CONSOLIDATED RESULTS
Three months ended March 31, 2005 compared with the three months ended
March 31, 2004
The Company's consolidated net income decreased by $19 million or 19%
for the three months ended March 31, 2005 when compared to the
corresponding period of the preceding year. The decrease in net income
is primarily the result of realized investment losses and a decrease in
investment income offset by increased fee revenue. The net income
decrease reflects a $4 million decrease in the Great-West Healthcare
segment and a $15 million decrease in the Financial Services segment.
Premium income increased $245 million for the first quarter of 2005
when compared to the same period of the preceding year. This increase
is primarily a result of the February 29, 2004, Canada Life Assurance
Company ("CLAC") recapture of certain group life and health insurance
business previously ceded to the Company (see Note 3 to the
accompanying consolidated financial statements). The Company recorded
an income statement impact of $256 million in negative premium revenues
and a corresponding change in reserves related to the recaptured
policies.
Fee income increased $28 million or 13% for the first quarter of 2005
when compared to the same period of the preceding year. This increase
is primarily the result of increases in Healthcare membership and
Great-West Retirement Services participant accounts, which increased by
2% and 5%, respectively, when compared to the first quarter of 2004.
Net investment income decreased $24 million or 9% for the first quarter
of 2005 when compared to the same period of the preceding year. This
decrease is a result of losses in the embedded derivative associated
with a reinsurance receivable from CLAC (see Item 3). Excluding the
effects of the embedded derivative, net investment income would have
increased 3% primarily due to increases in total investment assets.

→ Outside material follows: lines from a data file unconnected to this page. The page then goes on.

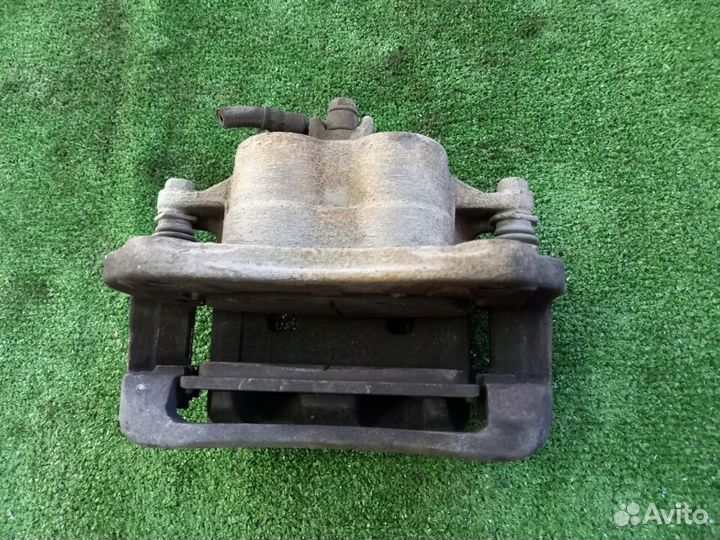 Суппорта передние Honda Elysion RR3 2004-2013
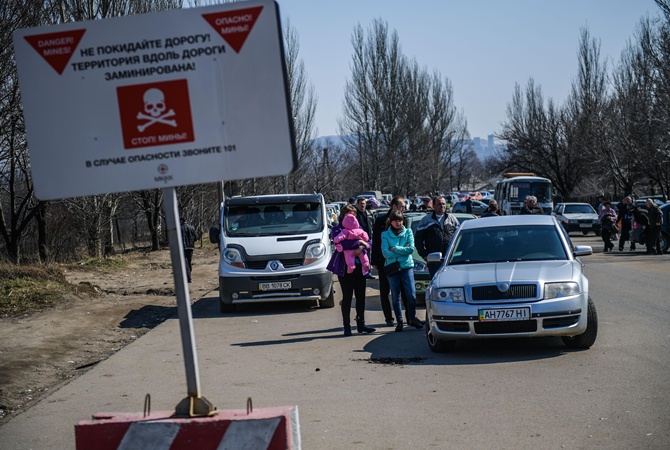 Е-Малятко для ОРДЛО: новые граждане Украины и… простор для махинаций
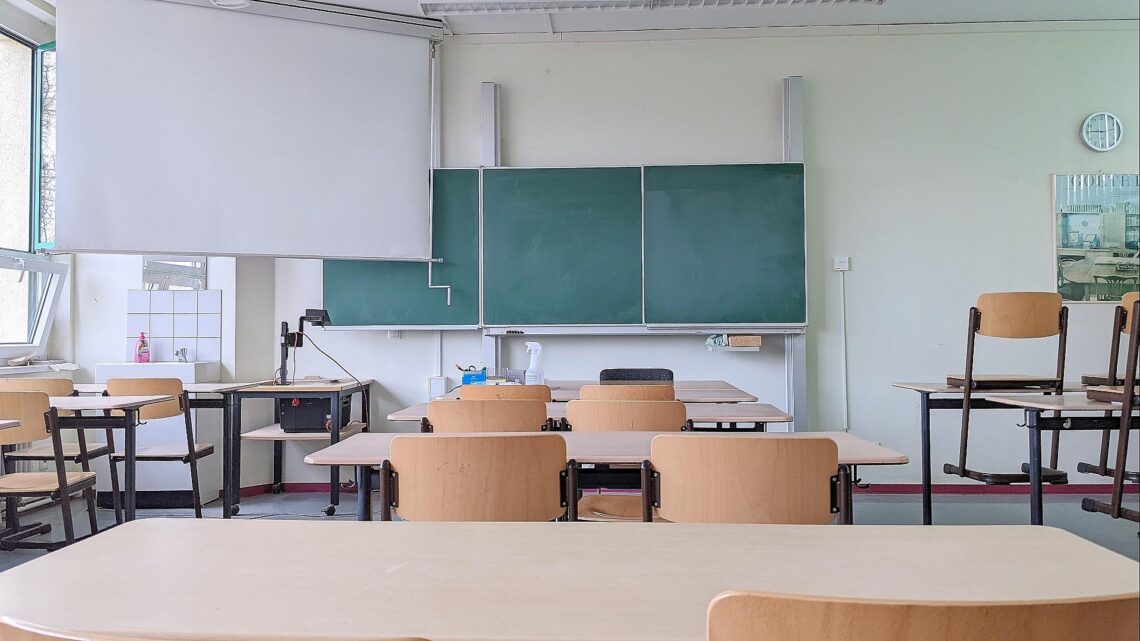 Klassenraum in einer Schule (Archiv)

During the first quarter of 2005, the Company incurred a net realized
loss of $9 million on investments, a decrease of $50 million when
compared to a net realized gain of $41 million for the same period of
the preceding year.
Benefits and expenses increased by $236 million the first quarter of
2005 when compared to the first quarter of 2004. The increase in
benefits and expenses is primarily the result of the aforementioned
$256 million change in reserves in 2004 resulting from the CLAC
reinsurance recapture offset by a 2005 decrease in reserves in the
Financial Services segment.
Income tax expense decreased by $18 million or 35% for the first
quarter of 2005 when compared to the same period in 2004 primarily due
to the decrease in pretax income. In evaluating its results of
operations, the Company considers net changes in deposits received for
investment-type contracts, deposits to separate accounts and
self-funded equivalents. Self-funded equivalents represent paid claims
under minimum premium and administrative services only contracts. These
amounts approximate the additional premiums, which would have been
earned under such contracts if they had been written as traditional
indemnity or HMO programs.
Deposits to investment-type contracts increased by $566 million during
the first quarter of 2005 when compared to the same period of 2004.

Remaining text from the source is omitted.